Plasma GitLab Archive
Projects Blog Knowledge

/* $Id: pfs_nn_fsys.x 536 2011-12-11 22:59:10Z gerd $ -*- c -*- */

/** {1:filesystem [Filesystem]} */

/** Filesystem access */

#include "pfs_types.x"

#ifndef PFS_NN_FSYS
#define PFS_NN_FSYS

program Filesystem {
    version V1 {

	/** {2 [null]} */

	void null(void) = 0;

	/** {2 Transactions} */

	/** Many procedures are run inside a transaction. A transaction
	    is identified by a [trans_id] which can be freely chosen
	    by the client. A client may open several transactions
	    simultaneously.

	    When the TCP connection is closed, all open transactions are
	    implicitly aborted.

	    Transacted operations must not overlap! This means when an
            op is started, the next op of the same transaction can be
            first called when the previous one sent the result back.

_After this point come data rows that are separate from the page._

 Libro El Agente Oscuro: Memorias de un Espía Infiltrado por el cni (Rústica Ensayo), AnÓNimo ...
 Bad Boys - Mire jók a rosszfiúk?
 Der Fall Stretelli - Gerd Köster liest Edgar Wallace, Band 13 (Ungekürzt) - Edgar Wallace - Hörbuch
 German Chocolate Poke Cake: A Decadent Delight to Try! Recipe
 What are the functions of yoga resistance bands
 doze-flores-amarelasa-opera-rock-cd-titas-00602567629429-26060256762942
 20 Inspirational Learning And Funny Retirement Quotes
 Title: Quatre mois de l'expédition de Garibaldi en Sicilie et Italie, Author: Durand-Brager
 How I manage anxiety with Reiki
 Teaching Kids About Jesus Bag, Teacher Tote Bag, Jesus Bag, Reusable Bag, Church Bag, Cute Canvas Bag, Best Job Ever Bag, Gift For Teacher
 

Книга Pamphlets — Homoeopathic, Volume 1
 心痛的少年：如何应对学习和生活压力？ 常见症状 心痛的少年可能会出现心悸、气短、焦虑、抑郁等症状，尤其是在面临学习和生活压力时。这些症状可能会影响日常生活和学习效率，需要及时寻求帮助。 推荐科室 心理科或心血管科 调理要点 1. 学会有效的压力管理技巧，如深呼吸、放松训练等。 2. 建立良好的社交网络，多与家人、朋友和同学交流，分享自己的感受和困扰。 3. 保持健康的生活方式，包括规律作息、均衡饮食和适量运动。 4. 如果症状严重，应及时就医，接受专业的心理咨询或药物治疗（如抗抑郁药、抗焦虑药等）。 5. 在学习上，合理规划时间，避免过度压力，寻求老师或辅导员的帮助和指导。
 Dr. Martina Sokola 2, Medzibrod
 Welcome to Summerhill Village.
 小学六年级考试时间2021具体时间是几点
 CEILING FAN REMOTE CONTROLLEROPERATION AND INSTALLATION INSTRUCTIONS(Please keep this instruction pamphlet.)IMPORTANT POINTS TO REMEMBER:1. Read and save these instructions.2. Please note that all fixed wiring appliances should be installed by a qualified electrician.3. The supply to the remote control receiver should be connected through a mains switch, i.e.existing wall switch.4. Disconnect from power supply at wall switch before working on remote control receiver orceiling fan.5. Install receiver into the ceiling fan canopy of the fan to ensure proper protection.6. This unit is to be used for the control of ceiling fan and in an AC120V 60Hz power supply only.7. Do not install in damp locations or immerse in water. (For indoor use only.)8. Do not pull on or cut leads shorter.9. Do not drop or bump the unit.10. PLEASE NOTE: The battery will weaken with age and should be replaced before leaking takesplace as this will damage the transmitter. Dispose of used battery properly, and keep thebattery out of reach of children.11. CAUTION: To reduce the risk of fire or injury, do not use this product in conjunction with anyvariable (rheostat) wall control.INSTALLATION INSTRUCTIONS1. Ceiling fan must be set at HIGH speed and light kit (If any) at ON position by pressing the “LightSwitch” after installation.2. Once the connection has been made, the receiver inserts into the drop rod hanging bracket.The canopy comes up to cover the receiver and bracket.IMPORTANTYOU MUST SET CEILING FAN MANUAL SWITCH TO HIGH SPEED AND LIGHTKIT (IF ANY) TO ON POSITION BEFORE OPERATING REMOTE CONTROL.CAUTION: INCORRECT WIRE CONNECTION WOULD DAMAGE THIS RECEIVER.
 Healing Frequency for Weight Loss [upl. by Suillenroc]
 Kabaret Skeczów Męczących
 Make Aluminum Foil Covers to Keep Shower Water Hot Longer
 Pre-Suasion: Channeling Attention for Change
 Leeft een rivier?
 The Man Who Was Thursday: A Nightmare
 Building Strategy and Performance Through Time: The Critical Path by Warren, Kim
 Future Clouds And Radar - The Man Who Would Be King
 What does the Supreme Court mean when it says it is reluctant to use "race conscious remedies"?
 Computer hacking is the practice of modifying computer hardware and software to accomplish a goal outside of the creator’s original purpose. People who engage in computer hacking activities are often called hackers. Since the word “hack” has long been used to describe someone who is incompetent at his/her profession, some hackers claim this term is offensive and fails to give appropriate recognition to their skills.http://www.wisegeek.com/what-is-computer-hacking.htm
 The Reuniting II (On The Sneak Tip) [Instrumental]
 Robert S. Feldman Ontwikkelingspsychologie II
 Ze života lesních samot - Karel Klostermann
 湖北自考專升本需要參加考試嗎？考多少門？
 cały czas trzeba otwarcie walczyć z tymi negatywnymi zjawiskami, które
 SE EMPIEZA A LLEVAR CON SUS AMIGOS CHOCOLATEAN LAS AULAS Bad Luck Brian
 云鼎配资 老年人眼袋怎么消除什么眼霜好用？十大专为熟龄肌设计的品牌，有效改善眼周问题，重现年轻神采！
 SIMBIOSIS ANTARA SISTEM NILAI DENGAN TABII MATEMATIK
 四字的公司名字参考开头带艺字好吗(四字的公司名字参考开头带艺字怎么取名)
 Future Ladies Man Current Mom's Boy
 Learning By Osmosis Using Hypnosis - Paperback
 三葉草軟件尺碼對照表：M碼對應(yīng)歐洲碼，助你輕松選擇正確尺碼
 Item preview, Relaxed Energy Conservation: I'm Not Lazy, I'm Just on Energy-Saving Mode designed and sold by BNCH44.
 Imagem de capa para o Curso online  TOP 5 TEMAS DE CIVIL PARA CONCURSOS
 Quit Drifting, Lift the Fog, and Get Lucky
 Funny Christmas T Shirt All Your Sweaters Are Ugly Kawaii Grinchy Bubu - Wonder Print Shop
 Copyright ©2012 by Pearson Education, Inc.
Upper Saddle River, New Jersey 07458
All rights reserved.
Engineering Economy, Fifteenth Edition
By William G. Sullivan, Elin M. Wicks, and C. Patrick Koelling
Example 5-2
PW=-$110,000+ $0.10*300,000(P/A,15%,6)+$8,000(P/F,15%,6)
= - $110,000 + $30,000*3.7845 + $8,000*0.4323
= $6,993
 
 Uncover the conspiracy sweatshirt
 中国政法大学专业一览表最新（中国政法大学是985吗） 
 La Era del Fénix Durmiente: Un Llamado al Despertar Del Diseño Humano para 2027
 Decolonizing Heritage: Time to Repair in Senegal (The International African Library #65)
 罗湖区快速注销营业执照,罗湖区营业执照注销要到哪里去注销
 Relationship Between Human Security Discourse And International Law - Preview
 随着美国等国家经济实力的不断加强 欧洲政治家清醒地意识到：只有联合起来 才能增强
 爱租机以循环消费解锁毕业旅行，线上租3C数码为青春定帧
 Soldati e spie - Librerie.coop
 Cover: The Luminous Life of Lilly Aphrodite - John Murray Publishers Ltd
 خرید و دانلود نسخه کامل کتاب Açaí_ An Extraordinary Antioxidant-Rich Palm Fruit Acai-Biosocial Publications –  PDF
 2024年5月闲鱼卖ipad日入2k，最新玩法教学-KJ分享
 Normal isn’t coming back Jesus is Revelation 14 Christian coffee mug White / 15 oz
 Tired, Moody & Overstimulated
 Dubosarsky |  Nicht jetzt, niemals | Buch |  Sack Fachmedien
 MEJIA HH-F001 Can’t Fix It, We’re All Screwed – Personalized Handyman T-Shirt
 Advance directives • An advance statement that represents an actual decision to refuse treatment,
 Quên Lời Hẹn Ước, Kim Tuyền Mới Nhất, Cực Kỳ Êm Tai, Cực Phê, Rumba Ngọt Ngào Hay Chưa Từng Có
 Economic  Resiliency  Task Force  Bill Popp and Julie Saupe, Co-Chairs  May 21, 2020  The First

	    Transaction isolation: Only committed changes are visible
	    from other transactions ("read committed"). For block
	    lists, there is even a stronger guarantee. Once a block is
	    returned to the client in a transaction, a competing
	    delete request for this block is not immediately visible,
	    but delayed until the transaction finishes that expects
	    the block to exist. This is equivalent to a "repeatable
	    read" isolation level.
	    
	    Conflicting changes of the same piece of data or metadata
	    can be resolved in various ways:

	    {ul
	    {- If the inode is directly modified (via [update_inodeinfo]),
	      or if blocks are allocated or freed,
	      the inode is locked for the rest of the transaction, so that
	      no other transaction can change the inode in parallel.
	      The other transaction will get an [ECONFLICT] error.}
	    {- The inode can also be indirectly modified, e.g. mtime
	      updates because data is written. These modifications do
	      not lock the inode. In these cases, the last commit wins,
	      and overwrites the changes of previous commits.}
	    {- Directories have a different locking system. A file name
	      can be locked in three different ways: An {i existence lock}
	      ensures that no other transaction can delete it. For example,
	      this kind of lock is acquired for the path of a directory
	      before a file is created in that directory. A {i creation
	      lock} is acquired for files that are created exclusively.
	      An {i unlink lock} is acquired for files that are going
	      to be deleted.}
            }
	      
            Read accesses usually do not acquire locks. However, there
	    are some exceptions, and these are explained for each RPC.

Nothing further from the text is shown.